Sensors and AI are finding their way into the barnyard - prostoalex
https://www.economist.com/technology-quarterly/2019/09/12/sensors-and-ai-are-finding-their-way-into-the-barnyard
======
rapjr9
I worked on electronically herding cows 10+ years ago and talked with Temple
Grandin about it. She thought the idea of relying on sensors alone to monitor
animal health was a bad idea. Unless the sensors can detect every possible
disease and problem that a rancher or vet can detect in person, the risk is
that some animal problems will go unnoticed by the sensors and the animals
will suffer. Also the ranchers may not care about that if it reduces costs and
profits remain the same, so using sensors could cost lots of animal misery.

The same is true of using sensors to monitor the health of people.

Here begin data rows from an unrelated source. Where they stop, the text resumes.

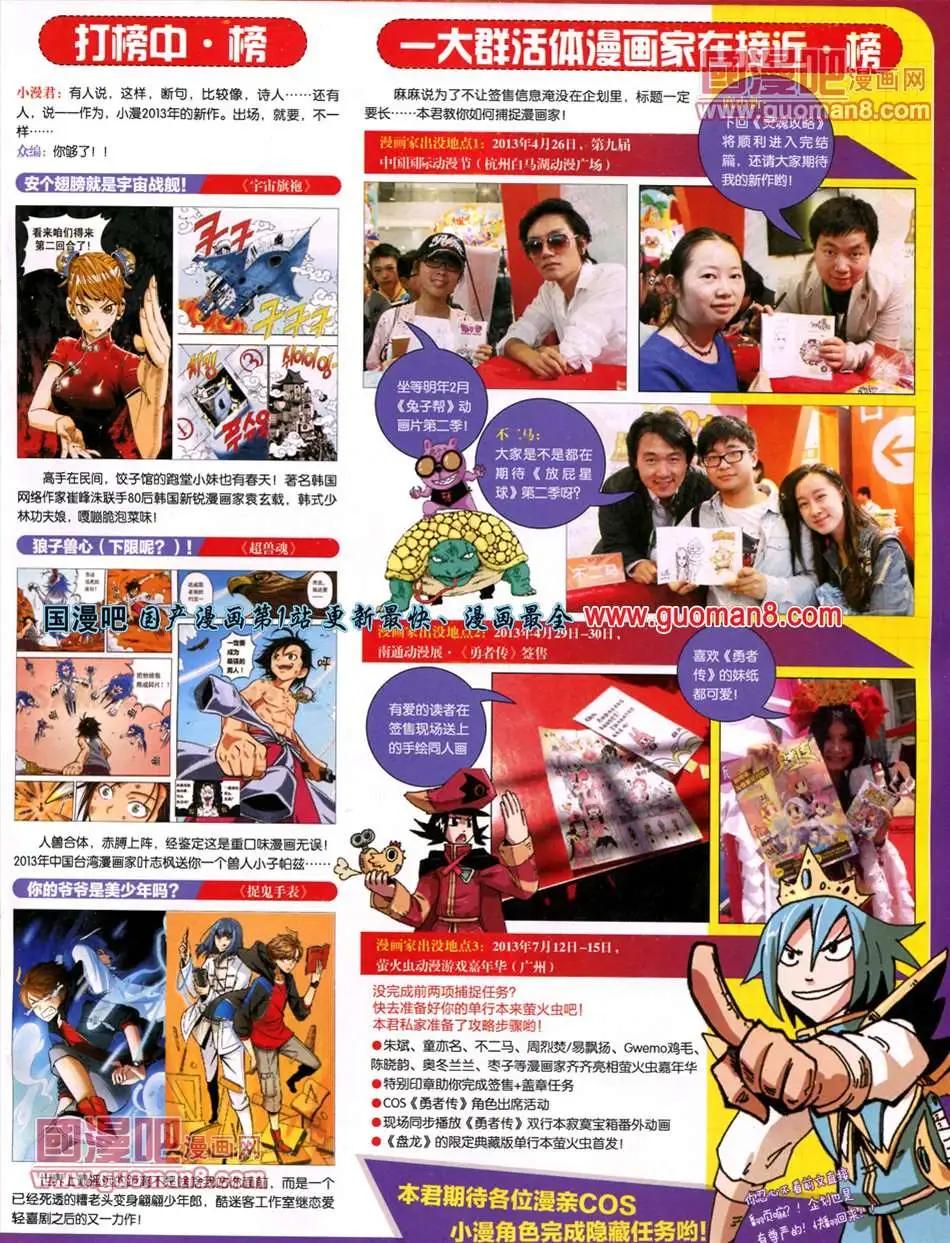 漫畫世界 - 13年26期(1/2) - 3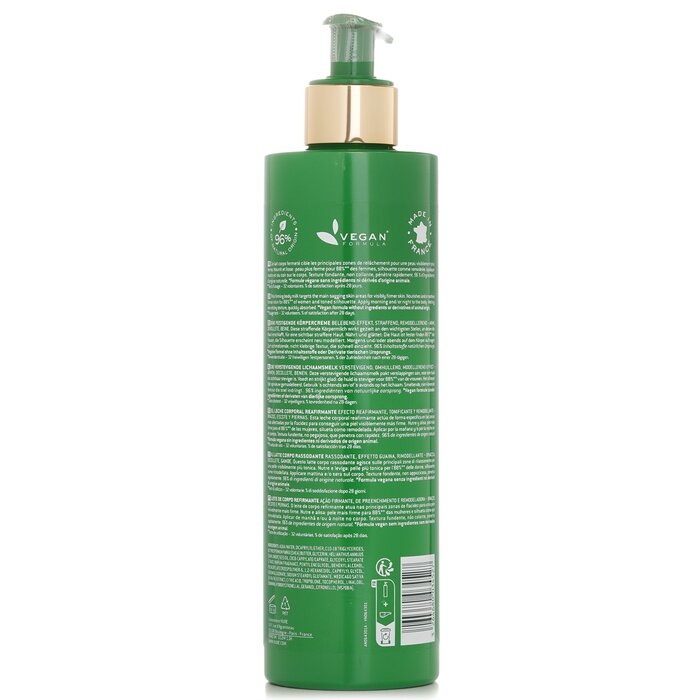 Nuxe Nuxuriance Ultra The Firming Body Milk 400mlProduct Thumbnail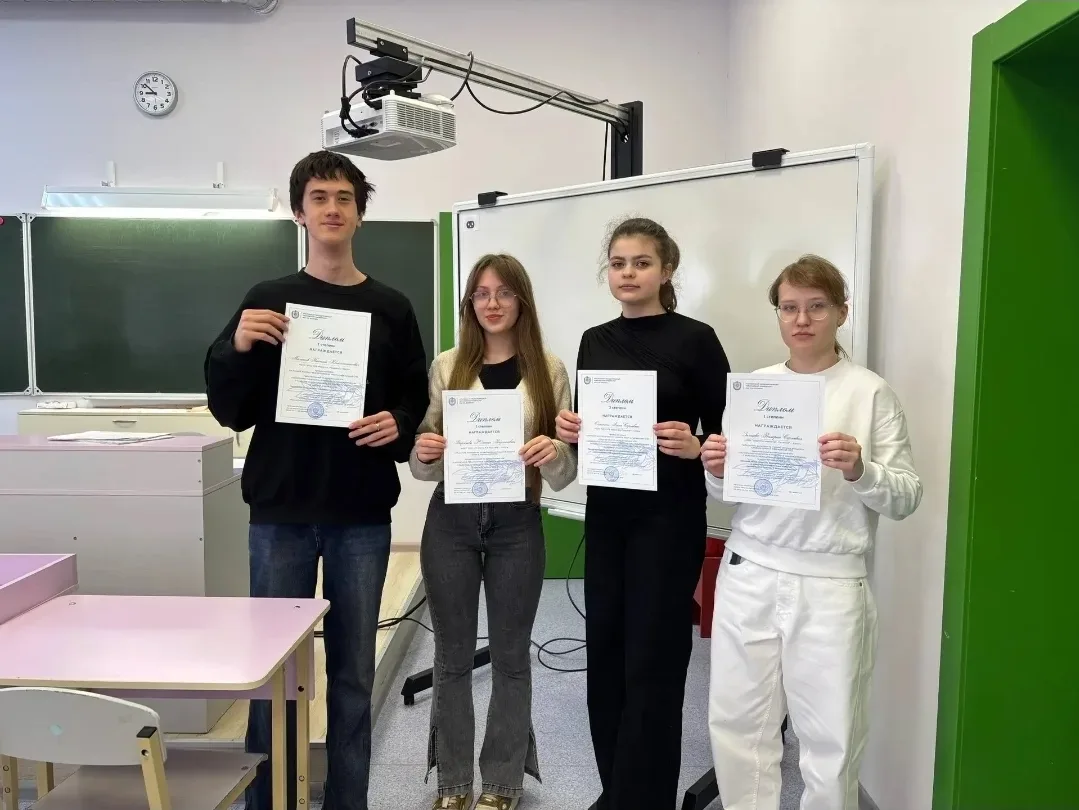 🎓 ДОСТИЖЕНИЯ НАШИХ УЧЕНИКОВ 👍  ✨1 апреля в КФ МГТУ им. Н. Э. Баумана состоялся конкурс на лучший док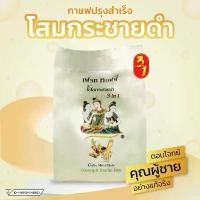 ราคา Fresh Coffee Herbal Coffee 3in1 Ginseng & Krachai Dam (50ซอง) กาแฟโสมกระชายดำ เห็ดหลินจือ ก้าวต่อก้าว (1733321777431020842)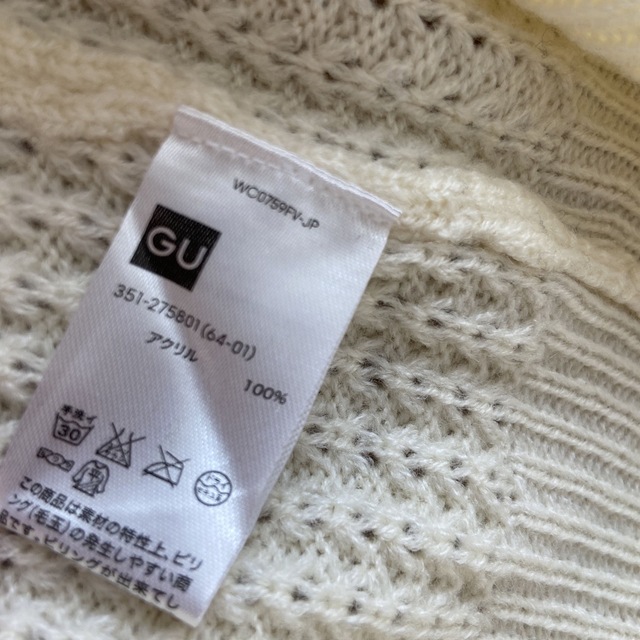 GU(ジーユー)のGU ワッフル クルーネック セーター メンズのトップス(ニット/セーター)の商品写真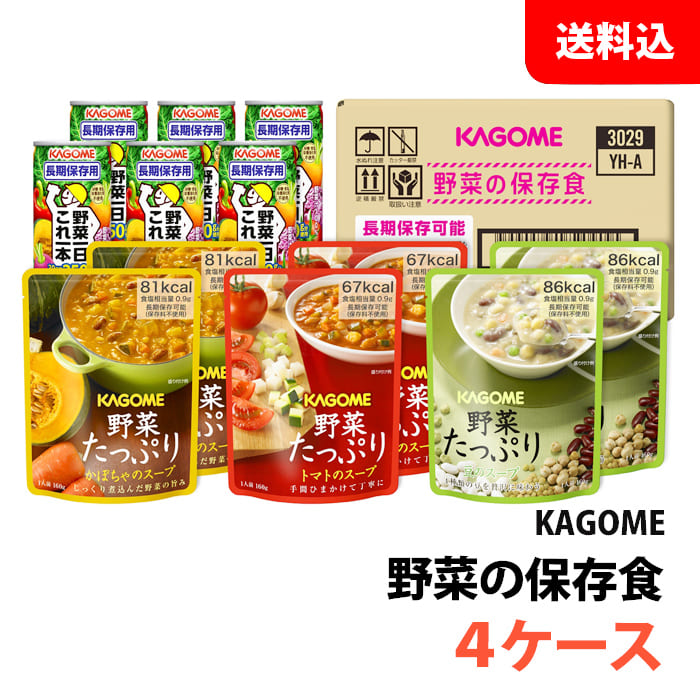 貨物輸送無料 カゴメ 蔬菜の保護すること食仕掛ける YH-A 4入れもの 積みたてる用 5.5年保護すること 長期間保護すること 非常食 防災仕掛ける 防災グッズ 蔬菜清涼飲料水 蔬菜吸いもの 箱 お取り寄せ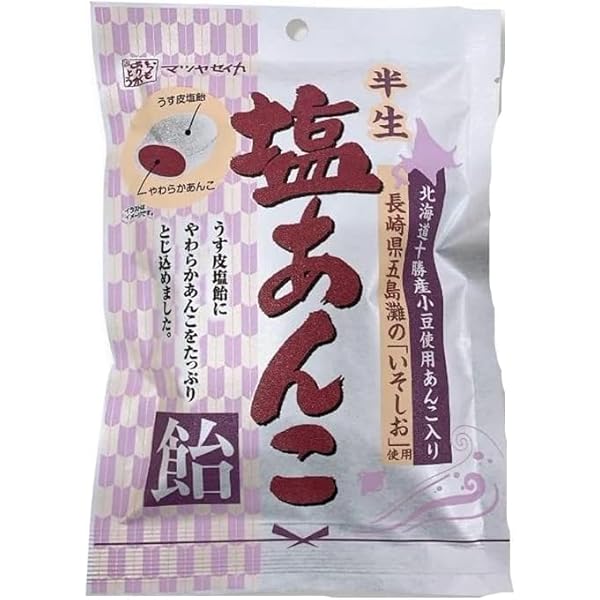 攪拌機 業務用 お菓子 あんこ 飴 キャラメル等 Amazon.co.jp: 丸屋製菓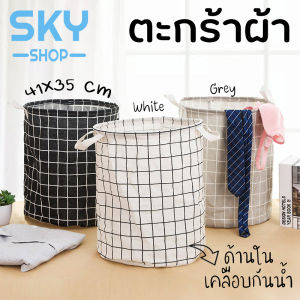 SKY ตะกร้าผ้า ด้านในเคลือบกันน้ำ พับได้ มีหูหิ้ว ทรงกลม ผ้าเตรียมซัก Cloth Basket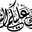ام الريم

Many ideas
that the food industry has used to engineer foods for people have come from
the cattle industry (who have a big interest in stuffing more food into cows)
so testing sensors on cows may be a first step towards using them on people.

------
boltzmannbrain
non-paywall: [https://archive.vn/145aA](https://archive.vn/145aA)

Also note this article is from 2019.

------
fennecfoxen
> An Austrian firm called smaxtec has developed a sensor that can be
> swallowed. It lodges inside the reticulum, one of a cow’s four stomachs, and
> stays there for the rest of the animal’s life, monitoring body temperature,
> movement and stomach acidity, and uploading the results when the cow is near
> a wireless detector.

(insert "scream" emoji here)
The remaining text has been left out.